__Work required__:
Everything in the listing below must be set down again exactly, apart from the pictures.

__Data__:
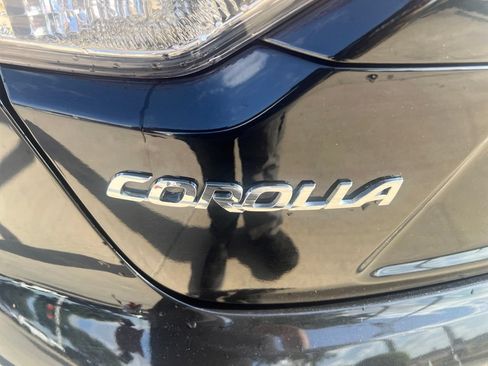 Used 2024 Toyota Corolla LE FWD image 11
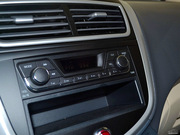 2013款 1.5L MT 舒適型 國(guó)IV 2013款 1.5L MT 舒適型 國(guó)IV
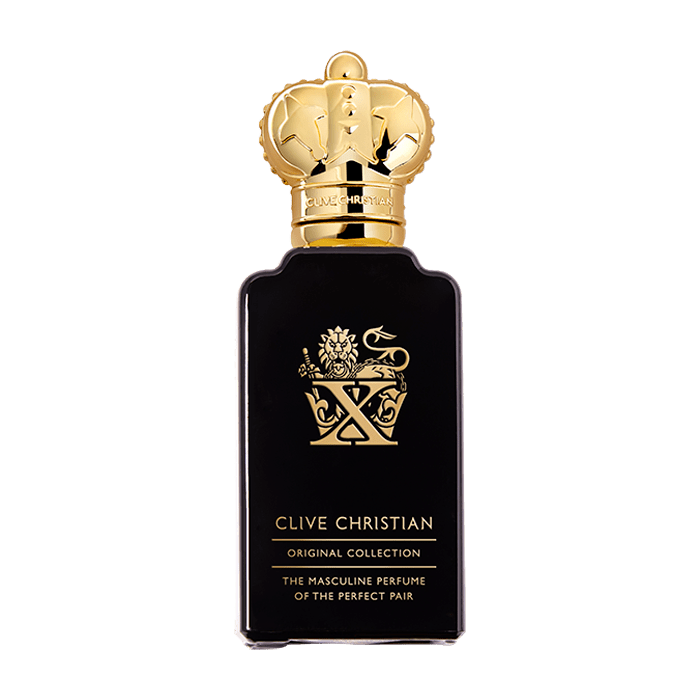 X MASCULINE PERFUME by CLIVE CHRISTIAN at Sundora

__Result of the task__:
 Used 2024 Toyota Corolla LE FWD image 11
 2013款 1.5L MT 舒適型 國(guó)IV 2013款 1.5L MT 舒適型 國(guó)IV
 X MASCULINE PERFUME by CLIVE CHRISTIAN at Sundora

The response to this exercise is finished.